◆ EXERCISE DESCRIPTION
Where the data below contains pictures, omit them; output the rest word for word.

◆ PROVIDED DATA
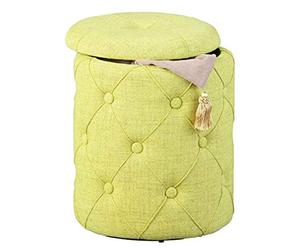 Maisonetstyles Pouf avec Rangement 34x34x40 cm capitonné Jaune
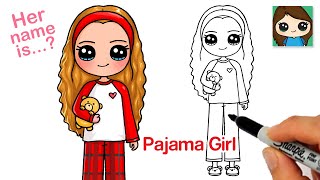 How to Draw a Cute Girl in Pajamas [upl. by Zora816]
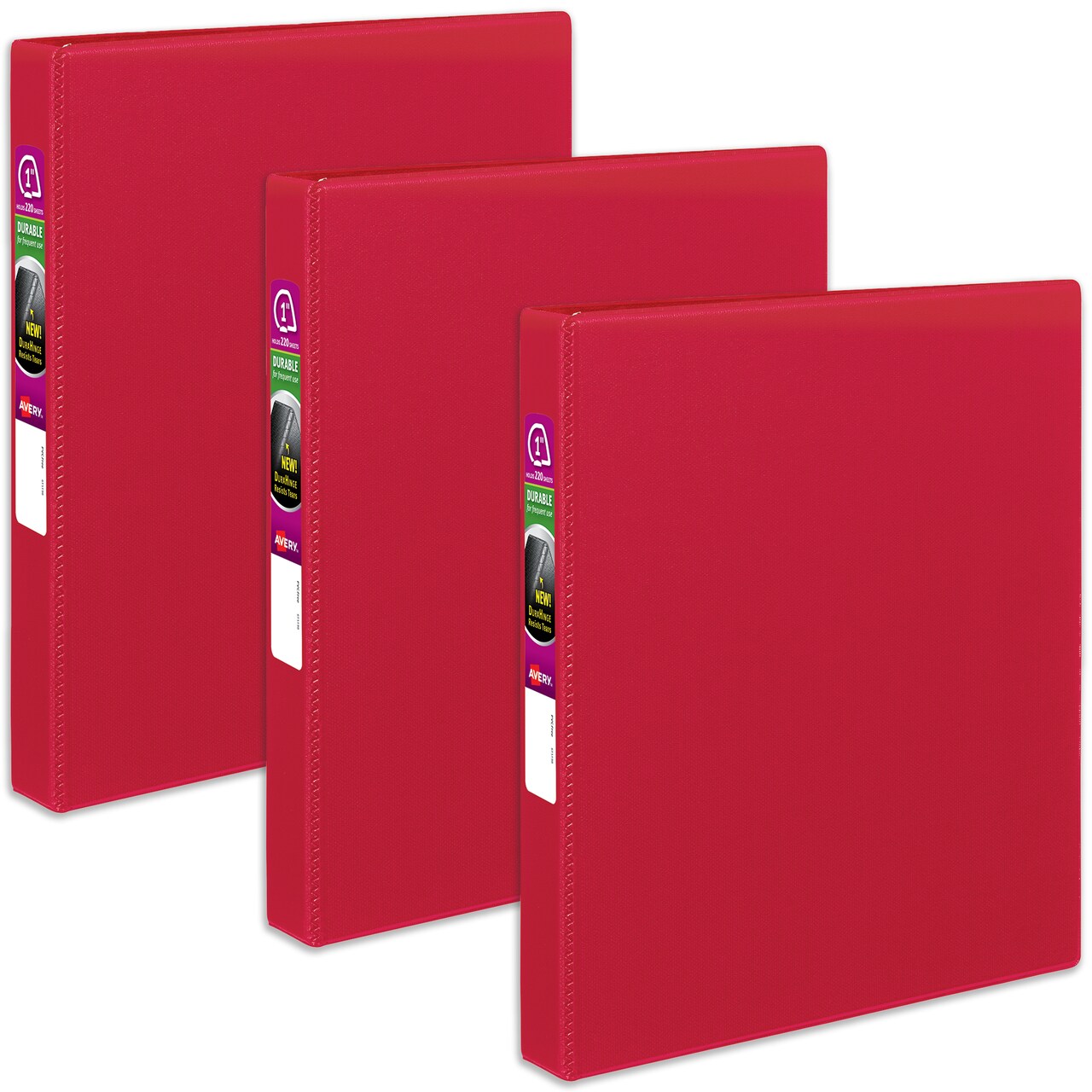 Avery Durable 3 Ring Binder, 1 Inch Slant Rings, 3 Red Binders (27201)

◆ THE ANSWER
 Maisonetstyles Pouf avec Rangement 34x34x40 cm capitonné Jaune
 How to Draw a Cute Girl in Pajamas [upl. by Zora816]
 Avery Durable 3 Ring Binder, 1 Inch Slant Rings, 3 Red Binders (27201)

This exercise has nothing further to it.